This is what I know about Dad . . .
Kendall Blessing was born on August 12, 1929 in Chicago, Illinois and died on March 24, 2011 in Eureka, CA. He was the son of Gregory and Oma Blessing. He had one brother, William, and two sisters, Joyce and Barbara. He is survived by his wife of 53 years, Connie, and his three children, Robert, David and Elizabeth.
After high school he moved west to California to escape the frigid Illinois winters. He went to college at San Jose State and dropped out to help care for his brother, William, who had contracted polio.
In the mid 1950s, he started selling insurance. In 1957, while traveling in Mexico, he met and courted his future wife, Connie, a pretty waitress he met in a restaurant. They soon married, moved to San Diego and had the above-mentioned three children.
He worked various jobs, most notably as a records clerk for the San Diego County Sheriff’s Department. He worked the night shift, taking mug shots, fingerprinting prisoners and running warrants checks on the newly arrested folks brought in by the deputies. His contact with this darker side of humanity fueled his pessimism on the state of the human race. He often came home worn out and sad. His hair was mostly grey by the time he was 40.
The reason he worked the night shift was so that he could be available during the day to help Mom care for their disabled son, Bobby, who was profoundly autistic.
Not much was known back then about autism. In the 1950s and 60s, some doctors believed that autism was the fault of poor parenting. While these theories have been disproved, the pain and stigma of being unfairly labeled weighed heavily on Dad. I don’t think he ever got over it.
Dad often said his greatest achievement was that he never gave up on caring for his son. Despite pressures from psychiatrists and school officials, he adamantly refused to place Bobby in an institution or group home. Because of my parents’ resolve, Bobby has always been cared for at home by his family.
In 2007, the entire family moved from San Diego to Eureka, California. We were seeking a slower pace of life, cooler weather and big trees. Sadly, for Dad and his family, the ensuing years were filled with doctors’ appointments, cancer, strokes and then a 10-month stay in a local nursing home, where he passed away.
Silence and reconciliation
These are the main facts of my father’s life. The truth is I didn’t know him that well. He was a no-nonsense, laconic man. He struggled to express his emotions. Talking, in his opinion, was way overrated. Maybe it was his Depression-era, WWII upbringing that made him so stoic and reticent. When he did say something it was frequently memorable, sometimes harsh and sarcastic, and oftentimes darkly funny.

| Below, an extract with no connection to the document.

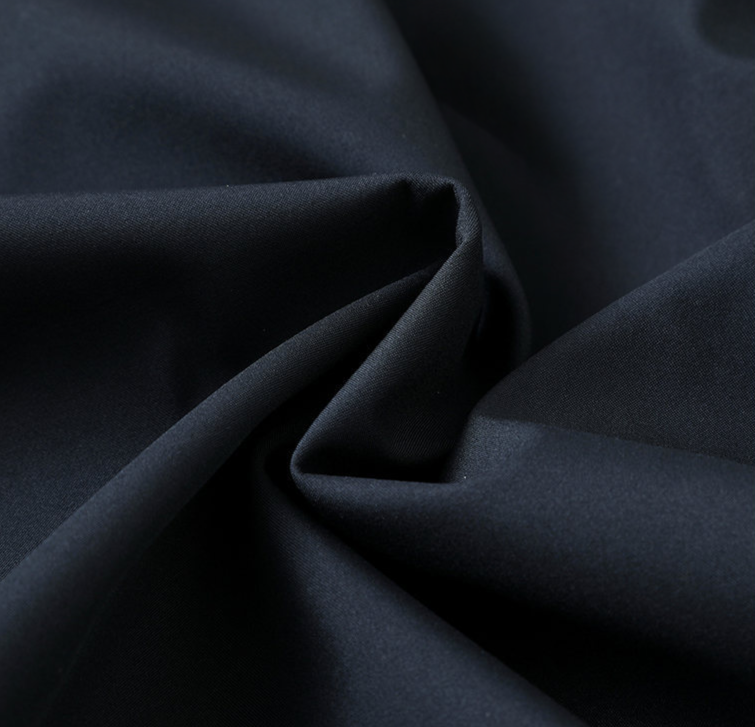 방풍 기능이 강조된 겨울용 재킷 디테일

While Dad was “the glass is half empty” sort of guy, I’ve always been “the glass is half full” sort of gal. This divergence in world views led to our share of arguments – some of them pretty heated – but, I’m happy to say, all of them long resolved before Dad passed away.
Our reconciliation was surprisingly simple. When Dad’s series of strokes began to take away his ability to talk, we became closely bonded in his silence. Oddly enough, whether he shared my viewpoints or not, I found no longer really mattered.
And in his illness, he discovered the reticent man’s perfect refuge, a new way of communicating with his family, a way he could finally share his feelings and thoughts without saying a word: he discovered the movies. Or, DVDs, to be more accurate.
Surprising lessons through movies
Humphrey Bogart, Bette Davis, Jimmy Stewart, Henry Fonda – he found all the great actors and classics at the library, online or at the video store. His collection grew and he began to branch out to more recent films. He would urge me to watch his favorites, pushing a prized DVD into my hand with the encouragement: “Watch this! You’ll learn something!”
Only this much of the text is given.